Countering the Financing of Terrorism: Jordan is a member of the Middle East and North Africa Financial Action Task Force (MENAFATF), a Financial Action Task Force (FATF)-style regional body, and also a member of the Coalition's Counter-ISIS Finance Group. Jordan's financial intelligence unit, the Anti Money Laundering and Counter Terrorist financing Unit (AMLU Jordan), has been a member of the Egmont Group of Financial Intelligence Units since 2012.
AMLU Jordan routinely receives and responds to requests for information from counterpart units. Under the obligations of the UN Security Council ISIL (Da'esh) and al-Qa'ida sanctions regime, other relevant resolutions regularly disseminate the names of designated individuals and entities to financial institutions. AMLU Jordan also monitors U.S. designations under executive order (E.O.) 13224, and shares this information internally with the Technical Committee. The number of suspicious transaction reports received by AMLU Jordan in 2016 nearly doubled from 2015 – a reflection of AMLU Jordan's efforts to educate currency exchangers, real estate developers, and commercial banks on identifying potentially suspicious transactions. AMLU Jordan transferred a number of cases for prosecution; however, information on prosecution outcomes was not available.

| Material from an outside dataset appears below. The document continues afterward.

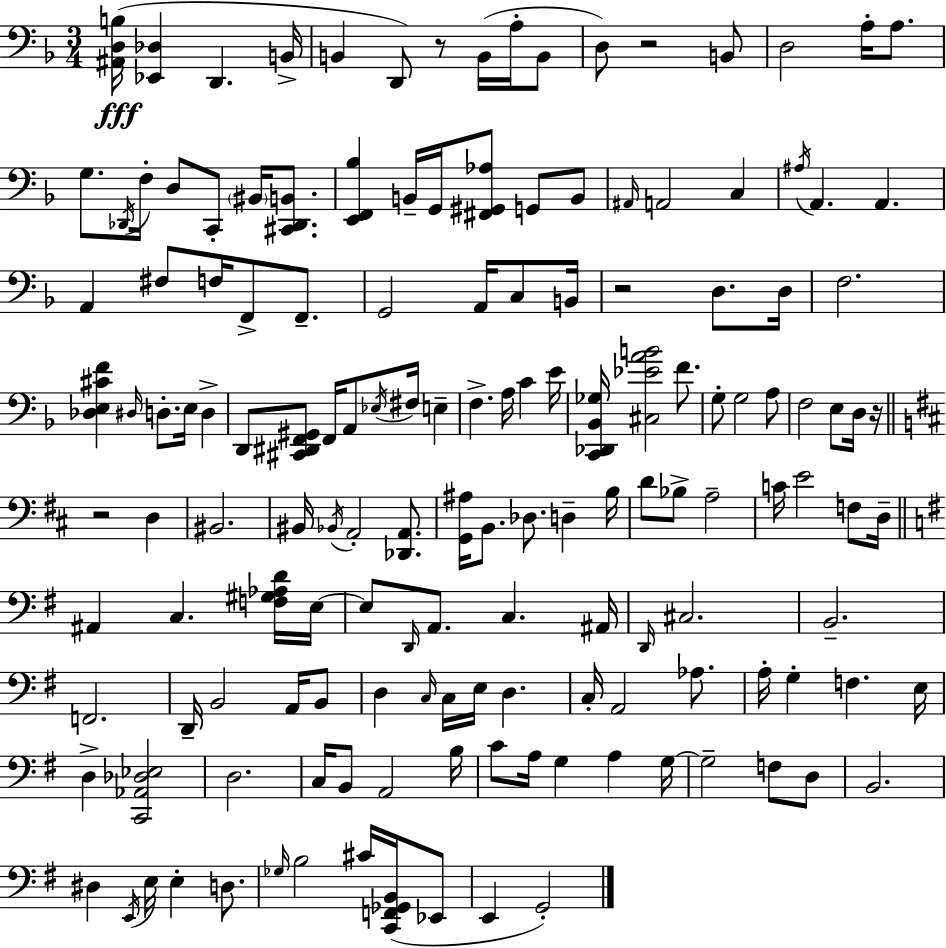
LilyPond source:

For further information on money laundering and financial crimes, see the 2017 International Narcotics Control Strategy Report (INCSR), Volume II, Money Laundering and Financial Crimes: http://www.state.gov/j/inl/rls/nrcrpt/index.htm.
Countering Violent Extremism: King Abdullah II continued to promote his "Amman Declaration" of 2004, calling for tolerance and peace within the Islamic community, and rejecting "wanton aggression and terrorism." The King has repeatedly voiced Jordan's commitment to countering violent extremist messaging and rhetoric, noting at the 2016 UN General Assembly that, "The central and most vital battleground for this defining war of our generation is the mind. The despicable, damaging ideology of hate . . . must be confronted with a counter-narrative of hope, tolerance, and peace." The Jordanian government's countering violent extremism (CVE) interventions included counter-messaging and religious education, awareness-raising, and rehabilitation support for former violent extremists. Jordan worked with the UN Development Programme to develop a holistic National Strategy on Preventing/Countering Violent Extremism, which is expected to establish roles and responsibilities for government entities and promote the involvement of non-governmental organizations, civil society, and the private sector in CVE initiatives.
Regional and International Cooperation: Jordan is a founding member of the Global Counterterrorism Forum, and is a member of the Arab League, the Organization for Islamic Cooperation, the Global Initiative to Combat Nuclear Terrorism, and the Proliferation Security Initiative.
Jordan continued to host and conduct training for Palestinian Authority Security Forces and Civil Defense, in addition to other police forces from around the region.